The process that is working on pretty much every PostgreSQL database right now, one that most developers who are using it don’t even think about, is one that doesn’t respond to queries, isn’t accepting any connections, and can never be seen in application logs. But it’s doing something really important, although perhaps not glamorous, something that is absolutely crucial, and when it’s not able to do its job, the database itself begins to get sick in very peculiar ways.
This process is called autovacuum. And once you know what it is really doing there, many things related to PostgreSQL suddenly become very clear.
The Mess MVCC Makes
PostgreSQL’s concurrency system is beautiful. When you change a row, it doesn’t modify the old version; it writes the whole new version next to it and flags the old one as being no longer current. When you delete a row, it doesn’t delete it from disk; it just adds the stamp that says “this row is deleted by this transaction” and goes off to do its other work. This is how readers and writers can work together without interfering.
Unfortunately, this leads to the accumulation of mess inside your tables. Old row versions which shouldn’t be there anymore. Deleted rows which are still there, occupying disk space. Without any cleaning up, tables will grow without bounds and each query will have to look at more and more garbage to find something useful.
That is where vacuum comes in. Autovacuum is vacuuming without someone having to schedule it explicitly.
Two Processes for the Same Job
It should be noted that autovacuum is not one process but rather two types of processes working together to achieve a task.

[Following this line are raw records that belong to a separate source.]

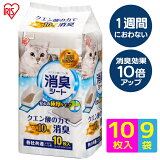 【9個セット】システム猫トイレ用消臭シート 10枚 1週間におわない クエン酸の力で消臭 猫用 システムトイレ用 シーツ 臭わない 各社共通 1週間取り替えいらずネコトイレ専用 10枚入り×9袋セット 計90枚 アイリスオーヤマ TIH-10C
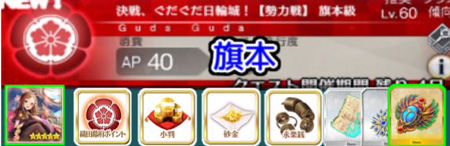 FGO日轮城旗本级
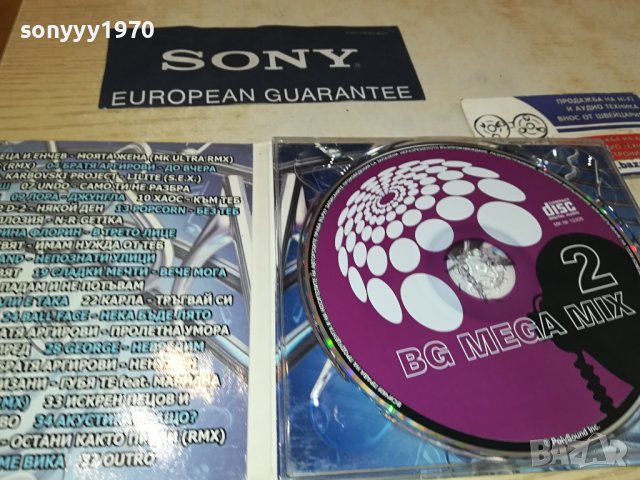 BG MEGA MIX CD 2209231620, снимка 4 - CD дискове - 42282331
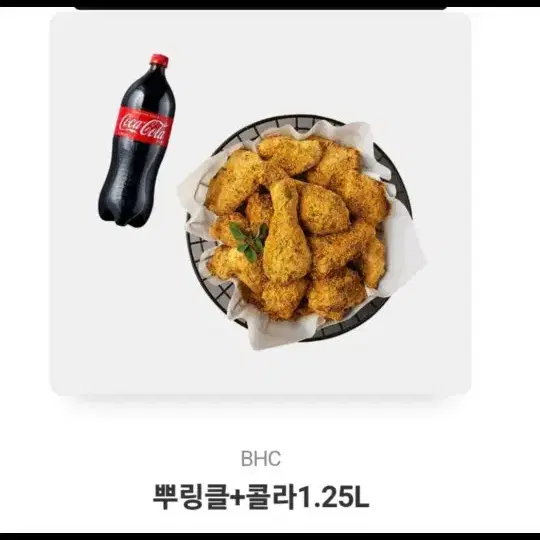 BHC  뿌링클+  콜라1.25  팔아요 칼거래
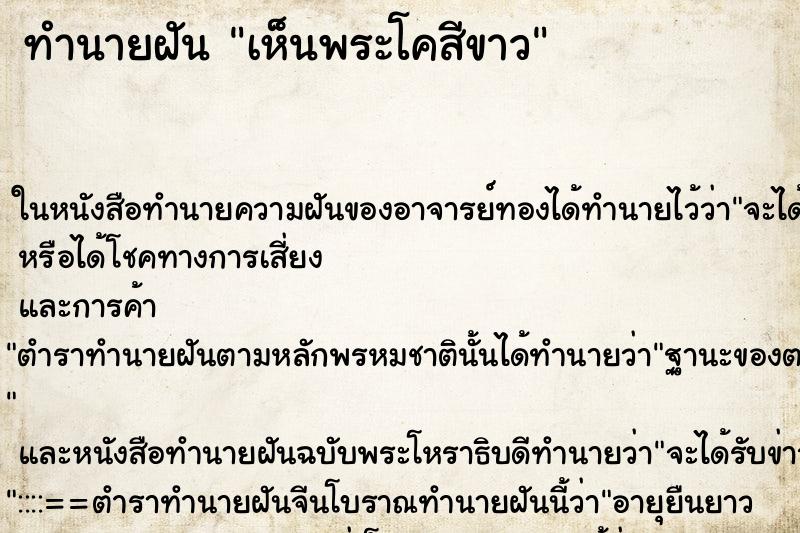 ทำนายฝัน เห็นพระโคสีขาว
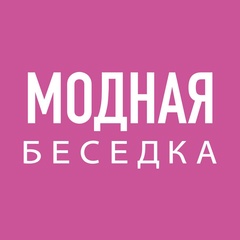 МОДНАЯ Беседка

The first process is the launcher. It is a separate process that starts once the database launches and runs continuously. One may consider it a supervisor of sorts patrolling the aisles of a warehouse and checking which aisles require any work to be done. However, it does not perform the job on its own; it only observes. Every sixty seconds, it scans all the tables of all the databases, evaluates the number of dead rows in each table, and determines which tables have reached the critical level of contamination. After which, it requests the postmaster to launch workers.
The worker process is temporary in nature. It connects to a particular database and vacuums the tables in need of that. By default, there could be up to three workers launched simultaneously. In case twelve tables are in need of vacuuming at the same time, three workers launch, and nine are left waiting. Once the workers finish their task and exit, they inform the launcher process, which then launches the next one.

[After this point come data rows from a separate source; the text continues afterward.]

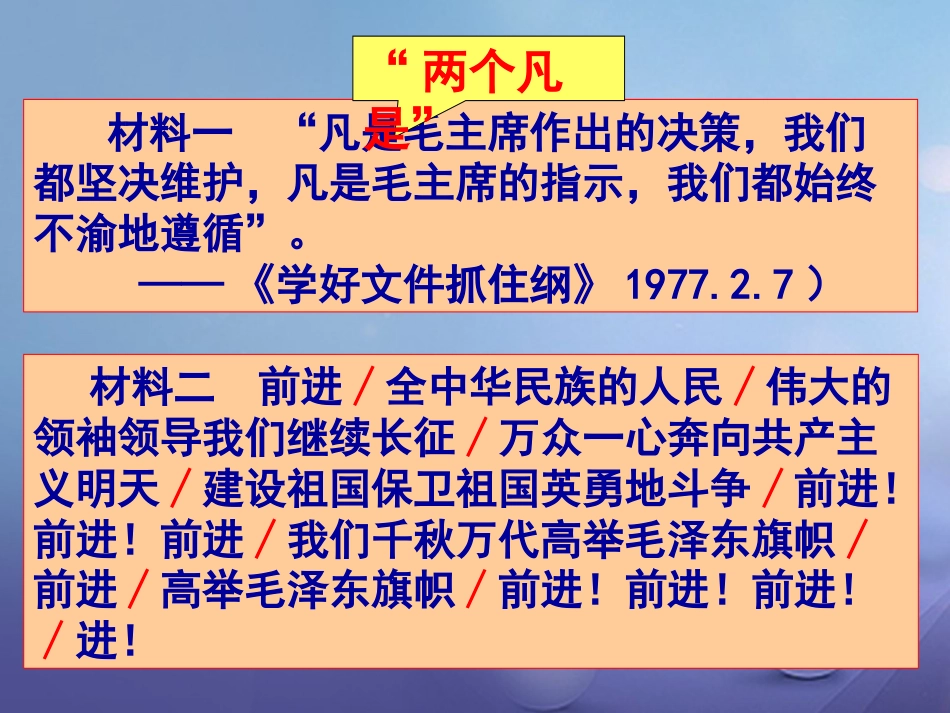 八年级历史下册 第三单元 第10课 伟大的历史转折课件 岳麓版_第2页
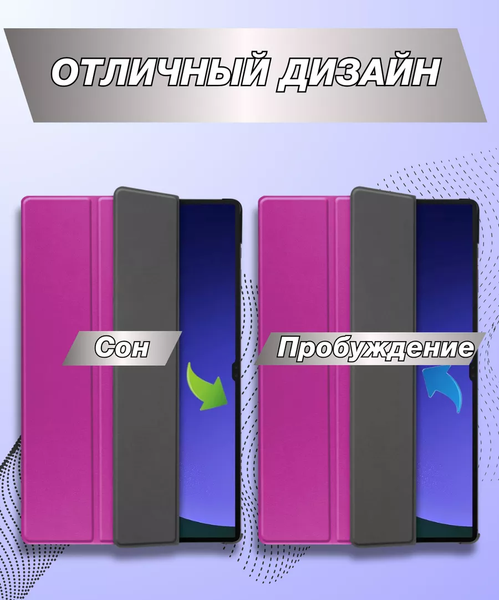 Чехол для планшета Bingo Tablet для Samsung Tab S9+/S9 FE+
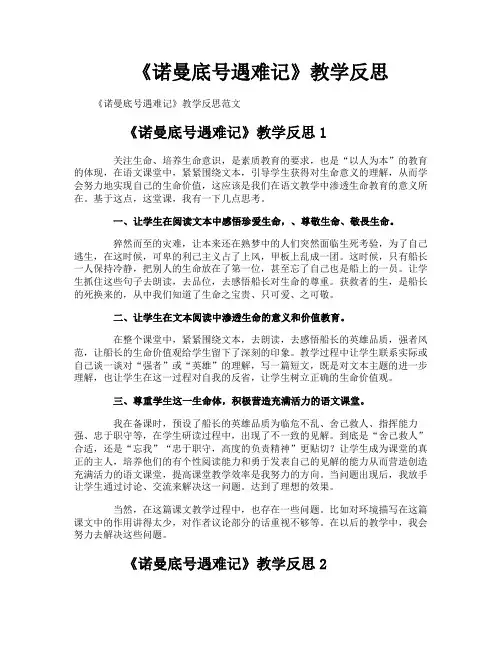 《诺曼底号遇难记》教学反思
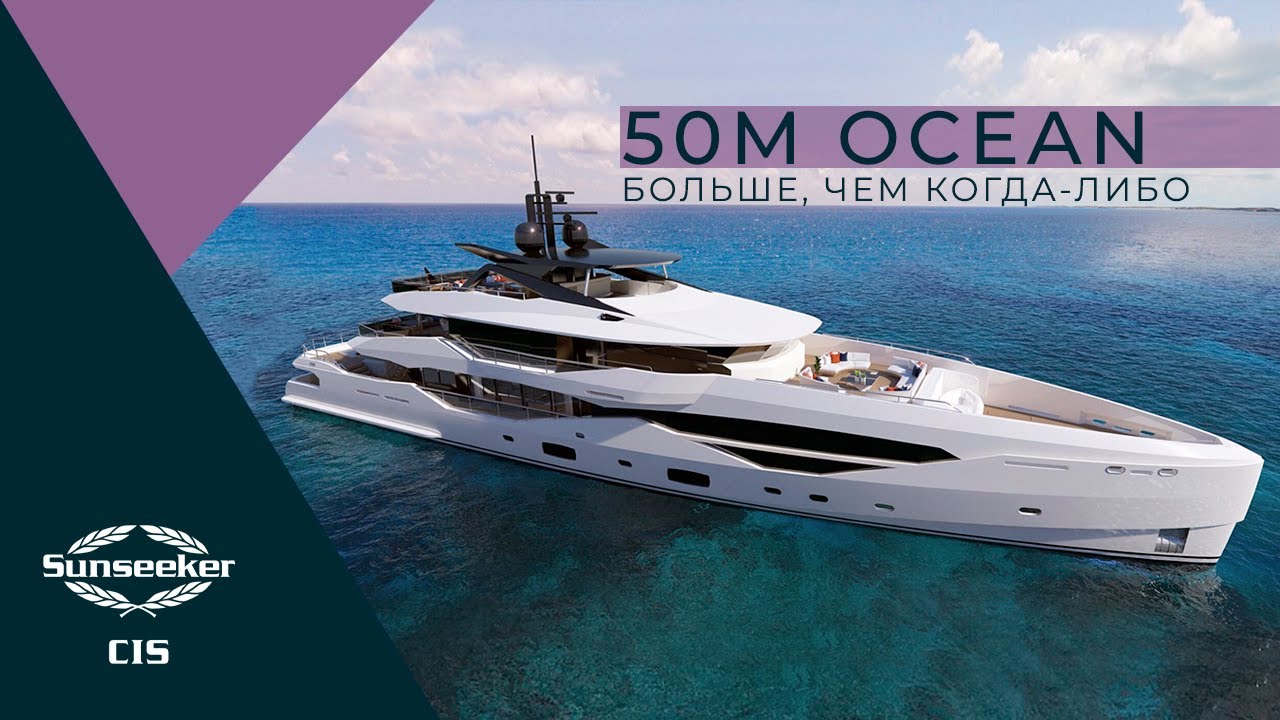 Sunseeker 50M Ocean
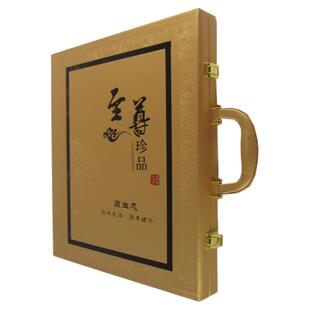 人参高端礼盒长白山野山参林下参礼盒鹿鞭片鹿茸片人参花灵芝片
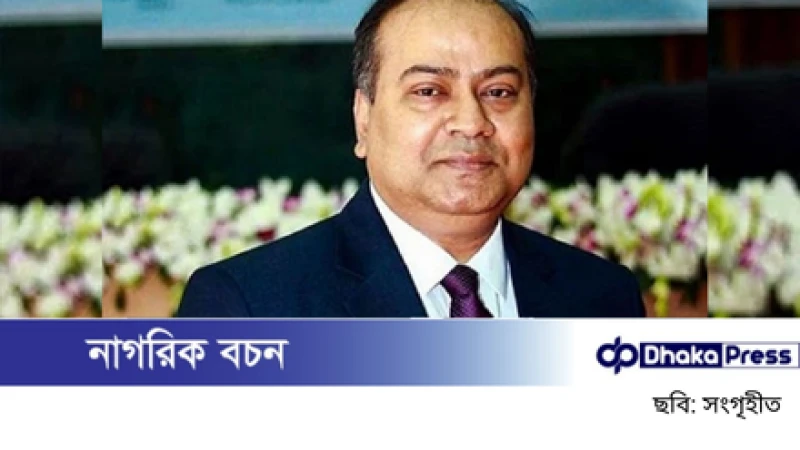 দুদকের মামলায় গ্রেপ্তার শিবলী রুবাইয়াত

The Formula for The Threshold That Determines Everything
The launcher doesn't get into a state of panic just because one row was deleted at any one time. It would produce unnecessary overhead instead of saving resources. What it actually does is wait for the number of dead rows on a particular table to reach a threshold, depending on the size of the table.
The formula written into the source code is easy enough: the threshold equals to fifty rows and then twenty percent of the total number of rows. For example, on a table with one million rows, the launcher will wait until there are about two hundred thousand dead rows before taking any action. In case the table contains ten million rows, the threshold equals two million. The point is to make sure that every vacuum operation cleans some significant number of rows, not just wakes up a worker process to clean three rows and goes to sleep.
Similarly, ANALYZE operates on a different but related formula. The threshold at which the query planner stats are updated is fifty rows and ten percent of the total number of rows – a lower one compared to vacuum since old stats may mislead the planner into selecting a poor query plan.
The Polite Worker
Unlike other database processes, autovacuum is a polite worker from its very conception. After all, it is meant to do some background cleanup tasks, and it must not prevent legitimate user queries.
To make sure that it remains polite, autovacuum calculates how much I/O work it does with the help of cost accounting method. The cost of reading a page from the buffer pool is low, but the cost of reading a page from disk is higher. The cost of writing a dirty page is the highest of all. When total cost reaches certain threshold (default value is two hundred units), autovacuum pauses for two milliseconds.
This would cause throttling to become the bottleneck when the database writes faster than the autovacuum process can clean up after itself. The solution lies in increasing the cost threshold and/or decreasing the wait time between bursts of activity. This is because the defaults have been set conservatively; they are made with a generic system in mind.
The One Situation Where Politeness Comes to an End
There is one strict constraint that the design of PostgreSQL imposes on autovacuum, and it takes priority over everything else: transaction ID wraparound.
PostgreSQL assigns 32-bit IDs to all transactions it executes. Such ID can take 2.1 billion different values before wrapping around and starting from the same point once again. But the problem does not lie in the wrapping because the very conception of the PostgreSQL architecture implies this. The problem lies in the fact that the transaction ID that creates the row is stored within the row. In case of the wrapping, a row that was created two billion transactions ago will be treated as created in the future.
This is where the PostgreSQL will freeze the outdated rows – change the real transaction ID to something special that says "the row is permanently visible, do not care about the counter". The function called autovacuum performs all this freezing process. Autovacuum is aware of the age of the oldest unfrozen transaction ID in each table. Once this number gets above two hundred million transactions, autovacuum will become no more voluntary. No matter what, it will vacuum the table, no matter what, even if you've turned autovacuum off, and will work without any cost throttling.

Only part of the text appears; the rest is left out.